Knowing what people see or feel when they die is a question highly theorized by science and the world’s population. Hence, the mythical “light at the end of the tunnel” has transcended popular culture. A researcher sought to answer that question by analyzing what happens to the brain during death.

That search was orchestrated by neuroscientist Jimo Borjigin, who was lucky enough to demonstrate what was happening to the brains of two rats in their last moments. When it happened, the researcher was not investigating this hypothesis, she was only monitoring these animals after surgery.

By being connected to machines that evaluated their state of life, they were able to see the effect their death had. At that moment she managed to perceive “a massive secretion of serotonin,” which is the neurotransmitter of happiness.

What happens in the brain with death?

In a conversation with BBC News, the scientist said that after demonstrating what happened to the rats, she began to review medical literature on death, noting that “we know very little about the process of dying.”

That is why in 2013 he conducted research on these same animals, which revealed intense neurotransmitter activity after their hearts stopped beating and their brains no longer received oxygen.

“Serotonin increased 60 times; dopamine, which is a feel-good chemical, increased 40 to 60 times; norepinephrine, which makes you very alert, also increased,” Borjigin said, adding that these high levels were not observed when the animal was alive.

Then in 2015, he tried it again. Together with a team, he demonstrated that this vital organ of the body developed intense activity when the rats were dying. “The brain was in a hyperactive state,” she said.

Human experimentation

Last year, the researcher and other scientists published research that analyzed what happens to the brain at the time of death, with four patients who were in a coma due to different diseases as objects of study.

The people were on life support and had electroencephalography electrodes. Because they were terminal patients, families and doctors authorized them to be disconnected from mechanical ventilators or respirators.
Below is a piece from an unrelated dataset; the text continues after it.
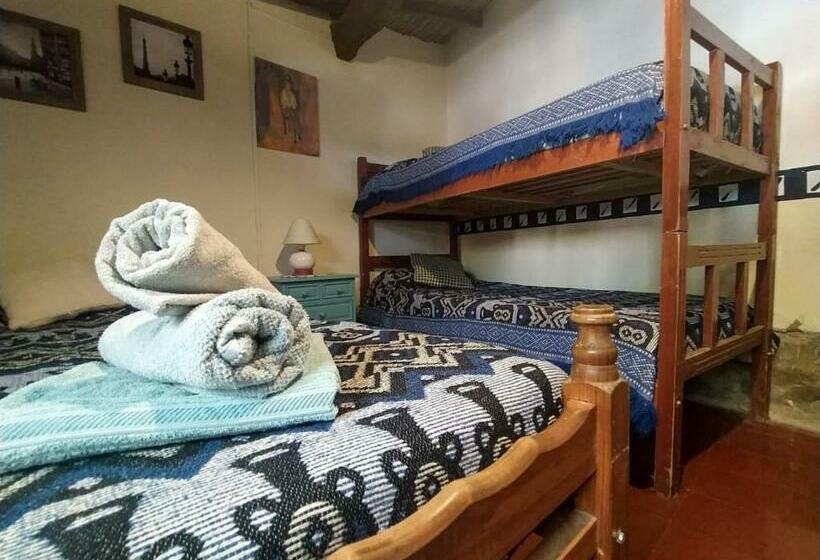 חדר קלאסי לארבעה, Apapacho Hostel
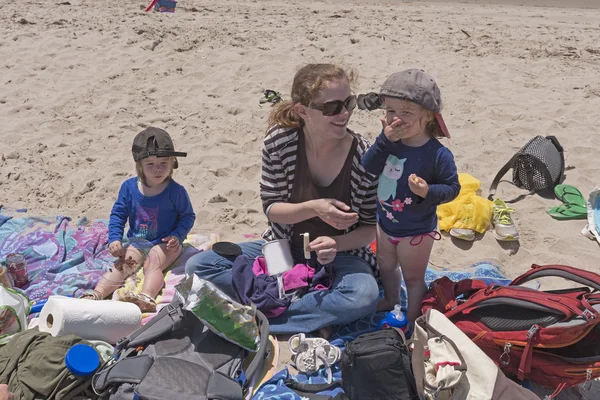 Niños almorzando en la playa — Foto de Stock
After this measure, it was detected that two of them had high brain activity linked to cognitive functions when they were disconnected. Specifically, gamma waves were detected, which are brain waves associated with complex information and memory processing.
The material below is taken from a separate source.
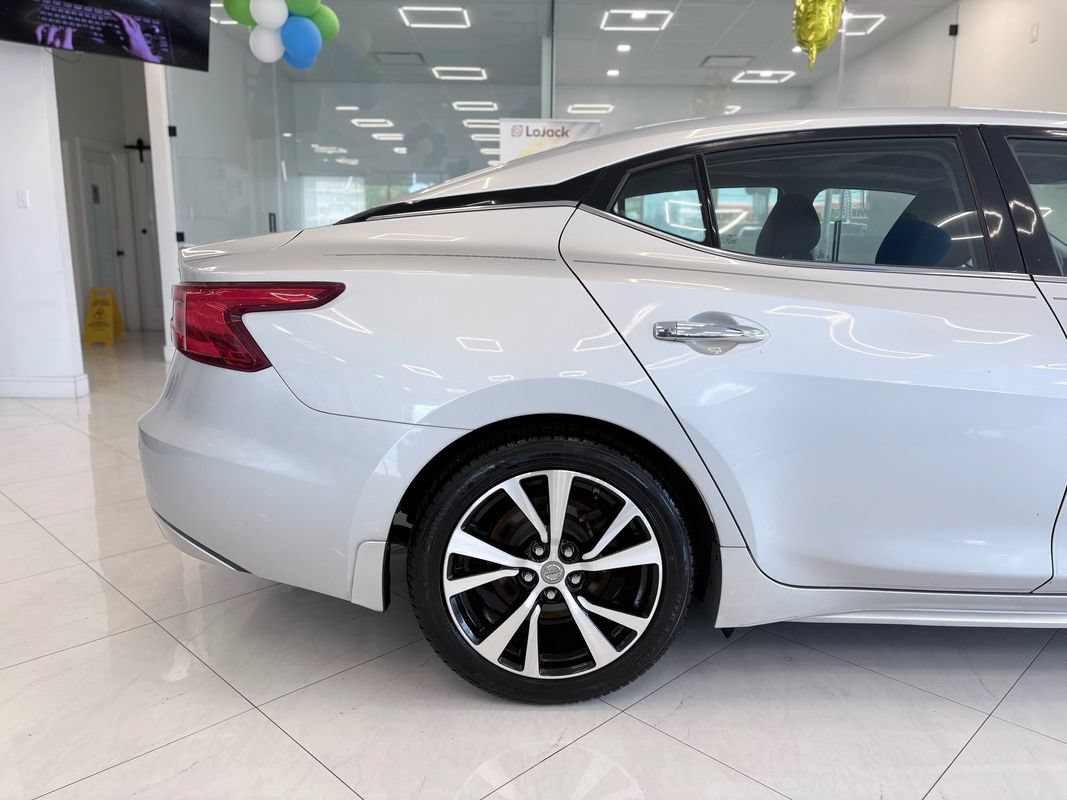 Used 2018 Nissan Maxima Platinum FWD image 8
Likewise, the researcher pointed out that a patient presented generalized hypoxia after being disconnected, which is linked to cardiac arrest due to a lack of oxygen in the blood.
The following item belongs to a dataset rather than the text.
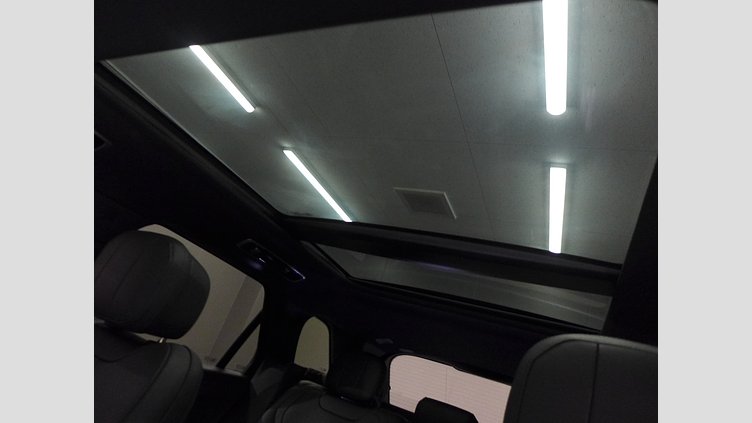 2024 認定中古車 Land Rover Range Rover Sport フィレンツェレッド P550eプラグインハイブリッド（ガソリン） スタンダードホイールベース Dynamic SE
“Hypoxia seems to be the unifying theme for activating the brain. And as soon as the ventilators were removed, the brains of two of the four patients activated in seconds,” Borjigin explained.

Unlike what happened with animals, which developed complete activation of the brain, in humans, it was reduced to only some conscious parts. One of them, the so-called “posterior cortical hot zone,” is associated with “sensory perception,” the scientist said. This part of the brain is also linked to consciousness, dreams, and hallucinations.

Along with this, they found that Wernicke’s area was activated, which is related to language, speaking, listening, and other cognitive functions, such as memory storage.

The researcher also pointed out that the temporoparietal junction, one of the parts of the brain that was activated by death, has been related to the development of empathy. “Many patients who have survived cardiac arrest and who have had near-death experiences say that those experiences changed them for the better, that they feel more empathy,” she said.